Work to be completed - Omitting all images, transcribe the entries word for word.
━━━ Data for this exercise
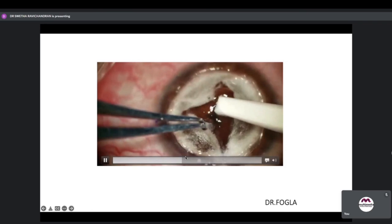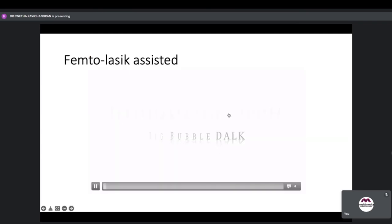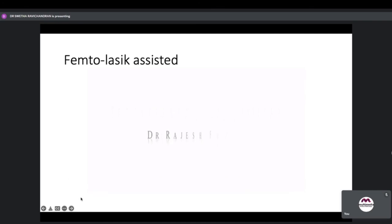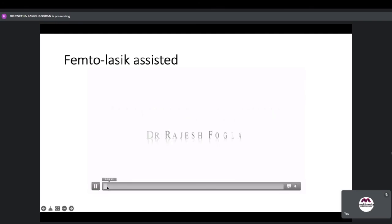The idea of the final video segment was to show the opening of the bubble — also demonstrating that femtosecond laser-assisted DALC is another option for the procedure.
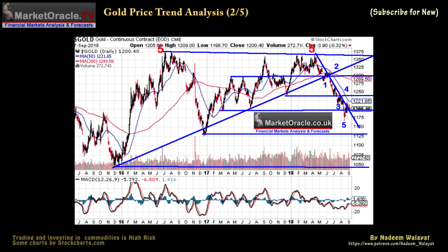The gold price has broken through a trend channel, which should be supportive of gold prices for a few weeks at least. Overall, trend analysis paints a picture of a market stuck in a trading range with an upward bias, with no signs of an imminent breakout higher and the immediate trend implying a marginal correction lower.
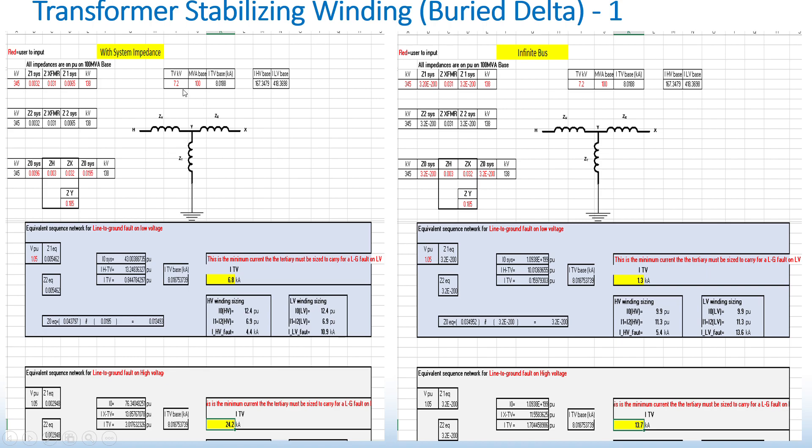The stabilizer winding is rated 7.2kV. To my right is a screenshot of the same transformer, but infinite bus was assumed. So as you can see, the system impedances are very small.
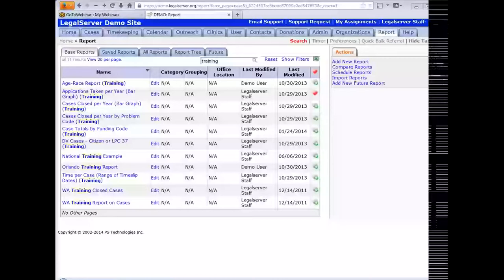We're going to cover crosstabs and summations in reports — how you can add those and when you might want to. The purpose of crosstabs and summations is to get a count of information: a count of cases, a count of time, and so forth, and to have that summarized in a nice, easy way on your report. Summations are a count of one field. Crosstabs are a count comparing across two different fields, in a matrix format.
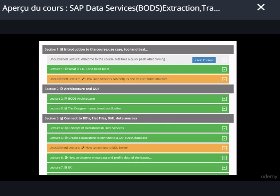Hello and welcome to this course on SAP Data Services. In this video I'm going to take you through how the course is laid out and what you can expect from each of the chapters. We will understand the sequence of the layout and see the best way to consume this course. We first start with an introduction to ETL — we will quickly understand what is an ETL process and what are the different aspects of it.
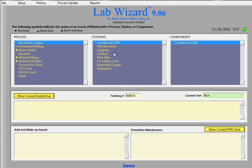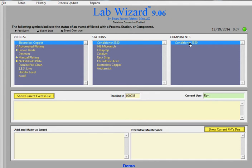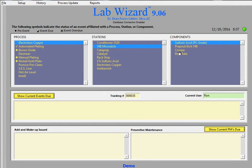And customize the stations, which each tank can be a station, and then the component within that station. So in this case, the electroless copper process has a station called Conditioner 3320. And that's the only component. There's a station called 748 micro etch. And that has four components that can be analyzed.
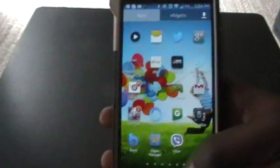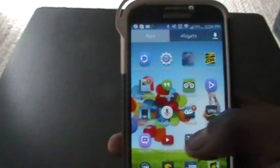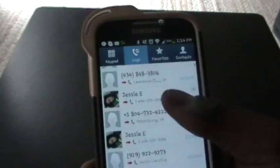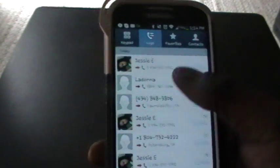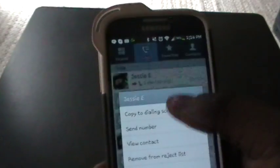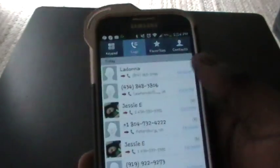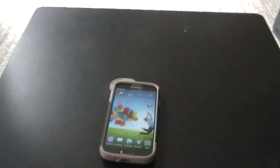Now once a call is deleted on your Android device within your call list, after you have deleted a call such as this one, after deleting a call you simply will only have two options to get your call listing.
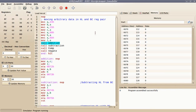Hello everyone. In this video I will explain about 16-bit mathematics on the 8085 microprocessor. In 16-bit operations I will cover addition, subtraction, and comparison of two 16-bit numbers, and also negating a 16-bit number.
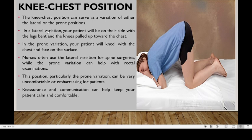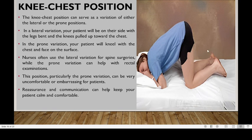In the lateral variation, your patient will be on their side with legs bent and knees pulled up towards the chest. In the prone variation, your patient will kneel with the chest and face on the surface. Nurses often use the lateral variation for spine injuries, while the prone variation can be used with rectal examination.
━━━━━━
Solved problem -
The idea of the final video segment was to show the opening of the bubble — also demonstrating that femtosecond laser-assisted DALC is another option for the procedure.
The gold price has broken through a trend channel, which should be supportive of gold prices for a few weeks at least. Overall, trend analysis paints a picture of a market stuck in a trading range with an upward bias, with no signs of an imminent breakout higher and the immediate trend implying a marginal correction lower.
The stabilizer winding is rated 7.2kV. To my right is a screenshot of the same transformer, but infinite bus was assumed. So as you can see, the system impedances are very small.
We're going to cover crosstabs and summations in reports — how you can add those and when you might want to. The purpose of crosstabs and summations is to get a count of information: a count of cases, a count of time, and so forth, and to have that summarized in a nice, easy way on your report. Summations are a count of one field. Crosstabs are a count comparing across two different fields, in a matrix format.
Hello and welcome to this course on SAP Data Services. In this video I'm going to take you through how the course is laid out and what you can expect from each of the chapters. We will understand the sequence of the layout and see the best way to consume this course. We first start with an introduction to ETL — we will quickly understand what is an ETL process and what are the different aspects of it.
And customize the stations, which each tank can be a station, and then the component within that station. So in this case, the electroless copper process has a station called Conditioner 3320. And that's the only component. There's a station called 748 micro etch. And that has four components that can be analyzed.
Now once a call is deleted on your Android device within your call list, after you have deleted a call such as this one, after deleting a call you simply will only have two options to get your call listing.
Hello everyone. In this video I will explain about 16-bit mathematics on the 8085 microprocessor. In 16-bit operations I will cover addition, subtraction, and comparison of two 16-bit numbers, and also negating a 16-bit number.
In the lateral variation, your patient will be on their side with legs bent and knees pulled up towards the chest. In the prone variation, your patient will kneel with the chest and face on the surface. Nurses often use the lateral variation for spine injuries, while the prone variation can be used with rectal examination.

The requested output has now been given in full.